What may appear as misbehavior in a neurodivergent adolescent is often a form of communication. When your child says “no” or shuts down – it may not be defiance. Instead, they could be tired, hungry, overstimulated, or emotionally depleted. Their behavior is how they communicate what they cannot put into words…yet.
A common mistake many parents make at the end of the school day is asking:
“How was your day at school today?”
While this is a well-meaning question, it often overwhelms a neurodivergent child. It’s vague and requires them to mentally review and summarize an entire day—something that can feel nearly impossible. They might also try to guess what you want to hear, which only adds pressure. As a result, their answers tend to be vague, brief, or nonverbal.
Try These Questions Instead:
- “What did your hands do at school today?”
This question connects them to sensory and physical memories—painting, writing, using tools, or games. Since many neurodivergent children process through movement, asking about their body helps them access those memories more easily. - “Who was kind to you at school today?”

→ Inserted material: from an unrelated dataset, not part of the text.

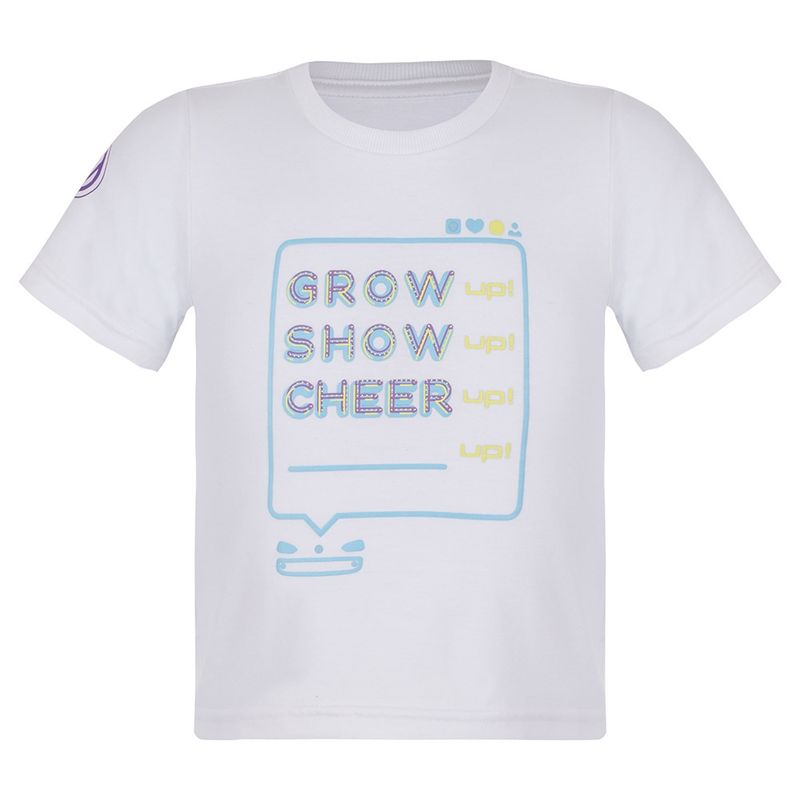 01507_024_1 01507_024_1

Social interactions can be complex and fleeting. This question prompts your child to reflect on positive social moments they might not intentionally process and focus on unless guided. - “Show me something you learned today.”
Demonstrating what they learned gives them a way to recall and share details in a more concrete and visual way, helping them to connect with their daily experiences.

Questions can be a conundrum
Neurodivergent adolescents often struggle with both open-ended and binary questions. Open-ended questions often feel too vague. Yes/No questions can also be problematic, like “Are you hungry?” or “Are you ready to leave?”. While we might be seeking a yes or no answer, many kiddos struggle to put all their conflicting feelings into words or distill their thoughts into one word answers. In addition, many neurodivergent children live in the present moment, making predictions difficult to verbalize.
Also, as parents, we sometimes ask a question when we’re really looking for something else. For example, do we really want to know if our child is hungry, or what we’re actually wanting is for them to sit down at the table and eat? Similarly, are we really curious as to whether our kids are ready to leave, or is it that we want them to get in the car without protest?
A more useful communication strategy is to offer structured choices like:
- “It’s time to eat. Would you like pasta or rice?
- “We’re leaving in a few minutes. Do you want to wear the blue or white shoes?”
- “Select a place to read: at a chair or on a bean bag pillow”
- “Take a 5-minute break now or after completing the project.”
Providing structured choices offers a sense of control to a child and supports smoother transitions. Especially after a long day of school, where they navigate sensory input, social dynamics, and academic demands, your child needs time to decompress. Let’s face it, you need this as well. Therefore, consider making the ride home a quiet time. Hold off on questions and allow space for silence. Once home, offer some snack choices, and time for them to recharge—whether through brief screen time, music, drawing, reading, or just quiet solitude.
Remember to use structured choices and set boundaries. Above all, be present. Even when words are hard to come by, your calm, non-judgmental presence is one of the most powerful ways to connect with and teach your child.